|26 April 2012|
In February president-elect Vladimir Putin told investors at the Sberbank/Troika investment summit that Russia would move up the World Banks Ease of Doing Business ranking from its current 120 place (out of 183) to 20.
Yeah, right, and pigs will fly, would probably sum up the reaction of most veteran investors. Ivan doesnt do radical reform. Moving this far up the list would mean nothing short of a revolution; a total transformation of the economy and machinery of government.
Or would it: Marcus Svedberg, chief economist of leading retail fund East Capital told delegates at its annual conference in St Petersburg at the start of April that bringing about the change maybe easier than it looks.

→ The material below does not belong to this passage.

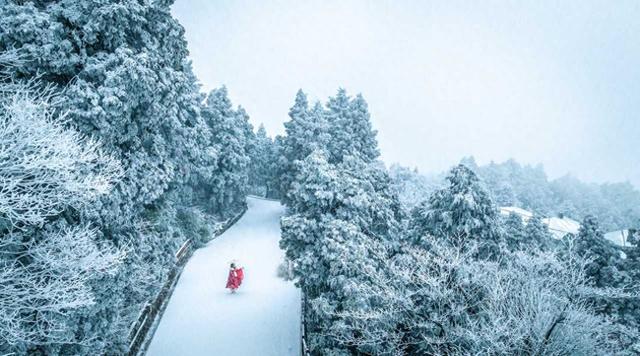 庐山初雪记：红裙油伞赴云端冰雪之约！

In this week chart Svedberg breaks down components that go into the ranking and if the Kremlin concentrates on making reforms only in the two of the 10 factors that go into the ranking where it performs worst (construction permits and getting power to businesses) Russia would move up to position 80 on the ranking, according to the World Banks own simulation. And if the Kremlin reforms the five worst factors (add cross board trade, investor protection, starting a business) it would move up to 38.
As it happens Putin promised the RSPP, Russias big business lobbying group, in February that whole system of issuing construction permits will be overhauled this year. And deep reforms to the power sector are ongoing (although are currently bogged down in row over tariffs).
Suddenly Putins challenge doesnt look quite so crazy -- even if it remains unlikely Russia will get into the 40s of the World Banks index any time soon.